The National Climate Assessment, released the day after Thanksgiving, offers motivation and opportunity to bring climate topics into the classroom at every grade level, says Phys.org.
Even the youngest students are ready to learn about climate science, according to Michael Wysession, professor of Earth and Planetary Sciences in Arts & Sciences at Washington University in St.

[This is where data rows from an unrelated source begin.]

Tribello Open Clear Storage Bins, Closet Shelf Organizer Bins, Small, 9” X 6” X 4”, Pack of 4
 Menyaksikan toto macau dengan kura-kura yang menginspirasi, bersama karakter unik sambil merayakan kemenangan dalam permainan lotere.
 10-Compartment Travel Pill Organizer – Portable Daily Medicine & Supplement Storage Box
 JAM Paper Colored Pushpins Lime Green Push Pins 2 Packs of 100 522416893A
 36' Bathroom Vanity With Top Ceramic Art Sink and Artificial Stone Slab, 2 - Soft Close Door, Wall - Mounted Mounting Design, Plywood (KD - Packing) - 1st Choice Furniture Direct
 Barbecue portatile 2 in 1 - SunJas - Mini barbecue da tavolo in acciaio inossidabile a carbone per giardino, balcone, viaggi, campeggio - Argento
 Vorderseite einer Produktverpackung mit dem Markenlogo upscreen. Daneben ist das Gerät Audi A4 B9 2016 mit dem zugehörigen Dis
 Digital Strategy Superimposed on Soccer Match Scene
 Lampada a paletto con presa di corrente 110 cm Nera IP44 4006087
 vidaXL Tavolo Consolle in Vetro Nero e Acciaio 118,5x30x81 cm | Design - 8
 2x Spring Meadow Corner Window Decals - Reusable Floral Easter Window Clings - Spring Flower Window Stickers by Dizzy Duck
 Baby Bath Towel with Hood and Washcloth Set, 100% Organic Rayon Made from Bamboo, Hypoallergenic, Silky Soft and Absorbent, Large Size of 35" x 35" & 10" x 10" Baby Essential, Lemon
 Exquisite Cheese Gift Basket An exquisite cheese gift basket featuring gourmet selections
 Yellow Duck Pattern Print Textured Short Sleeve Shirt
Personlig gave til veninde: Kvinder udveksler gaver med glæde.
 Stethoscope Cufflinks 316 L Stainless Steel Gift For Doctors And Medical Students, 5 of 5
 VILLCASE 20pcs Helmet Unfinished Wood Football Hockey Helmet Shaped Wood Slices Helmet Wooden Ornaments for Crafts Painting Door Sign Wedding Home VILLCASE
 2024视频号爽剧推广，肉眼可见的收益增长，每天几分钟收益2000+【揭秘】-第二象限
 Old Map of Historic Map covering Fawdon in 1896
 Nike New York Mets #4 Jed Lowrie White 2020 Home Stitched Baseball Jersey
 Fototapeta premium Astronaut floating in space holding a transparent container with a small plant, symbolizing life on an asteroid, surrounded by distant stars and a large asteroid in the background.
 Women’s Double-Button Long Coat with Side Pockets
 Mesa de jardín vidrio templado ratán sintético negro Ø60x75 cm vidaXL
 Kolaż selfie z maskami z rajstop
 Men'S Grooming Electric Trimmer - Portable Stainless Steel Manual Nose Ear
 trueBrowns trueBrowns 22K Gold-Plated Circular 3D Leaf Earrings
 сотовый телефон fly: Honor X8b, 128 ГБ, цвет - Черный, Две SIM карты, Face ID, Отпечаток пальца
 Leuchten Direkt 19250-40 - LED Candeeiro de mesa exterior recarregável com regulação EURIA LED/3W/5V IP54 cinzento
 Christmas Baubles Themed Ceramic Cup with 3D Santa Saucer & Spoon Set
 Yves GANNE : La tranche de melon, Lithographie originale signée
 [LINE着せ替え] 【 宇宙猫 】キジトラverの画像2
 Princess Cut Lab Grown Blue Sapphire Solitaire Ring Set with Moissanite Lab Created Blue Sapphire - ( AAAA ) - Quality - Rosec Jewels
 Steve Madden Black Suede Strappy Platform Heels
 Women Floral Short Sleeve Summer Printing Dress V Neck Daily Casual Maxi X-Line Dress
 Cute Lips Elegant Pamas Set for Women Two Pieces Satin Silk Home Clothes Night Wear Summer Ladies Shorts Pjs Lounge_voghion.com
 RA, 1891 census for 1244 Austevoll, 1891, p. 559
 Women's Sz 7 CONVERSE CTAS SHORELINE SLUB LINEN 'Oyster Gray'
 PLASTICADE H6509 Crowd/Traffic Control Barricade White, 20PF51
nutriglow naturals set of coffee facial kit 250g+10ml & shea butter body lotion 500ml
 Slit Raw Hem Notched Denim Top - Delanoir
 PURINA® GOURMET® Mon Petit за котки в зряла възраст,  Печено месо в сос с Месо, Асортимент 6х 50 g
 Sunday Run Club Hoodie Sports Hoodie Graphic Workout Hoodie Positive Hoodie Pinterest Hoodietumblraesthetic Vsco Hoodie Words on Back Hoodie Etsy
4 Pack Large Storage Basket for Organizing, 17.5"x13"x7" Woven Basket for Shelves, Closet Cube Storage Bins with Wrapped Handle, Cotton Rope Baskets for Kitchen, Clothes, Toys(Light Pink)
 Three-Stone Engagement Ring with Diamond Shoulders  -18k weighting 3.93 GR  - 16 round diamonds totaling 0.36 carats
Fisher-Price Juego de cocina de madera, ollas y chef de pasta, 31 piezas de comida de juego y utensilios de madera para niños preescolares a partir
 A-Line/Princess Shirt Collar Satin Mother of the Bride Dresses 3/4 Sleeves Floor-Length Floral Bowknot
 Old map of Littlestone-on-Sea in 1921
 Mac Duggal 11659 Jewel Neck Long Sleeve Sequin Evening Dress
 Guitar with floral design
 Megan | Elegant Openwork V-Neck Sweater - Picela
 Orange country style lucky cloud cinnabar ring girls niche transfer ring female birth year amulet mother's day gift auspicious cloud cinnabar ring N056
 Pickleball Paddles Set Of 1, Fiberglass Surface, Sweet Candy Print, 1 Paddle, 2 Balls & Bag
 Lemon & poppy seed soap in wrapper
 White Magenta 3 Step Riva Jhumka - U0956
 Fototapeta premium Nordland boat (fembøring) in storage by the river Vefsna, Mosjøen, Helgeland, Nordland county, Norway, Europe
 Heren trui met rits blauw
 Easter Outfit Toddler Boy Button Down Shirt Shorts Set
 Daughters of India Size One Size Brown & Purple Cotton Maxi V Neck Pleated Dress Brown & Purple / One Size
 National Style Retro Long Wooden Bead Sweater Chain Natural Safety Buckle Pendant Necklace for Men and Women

Louis and executive director of the Teaching Center.
Wysession, who has co-authored more than 30 textbooks, helped write a position statement on teaching climate science adopted by the board of directors of the National Science Teachers Association (NSTA) in September 2018. The NSTA has a membership of more than 50,000 teachers and other educators at the K-12 grade levels.
It is extremely important to teach children about the science of climate and climate change, and the roles humans play in affecting them, the NSTA statement said.
Science education at the K-12 grade levels is undergoing a revolution, according to Wysession, with most states shifting to a new way of teaching based upon the National Academy of Sciences’ Framework for K–12 Science Education and the ensuing Next Generation Science Standards.
The framework identifies a small number of “Big Ideas” for the science standards to focus on, and one of these is global climate change.
“The Next Generation Science Standards emphasize children devising solutions to the challenges of global warming,” Wysession said. “But it will take study and understanding, and we need to do everything we can now to make sure that our students have the tools, interest and motivation they need to meet these challenges.”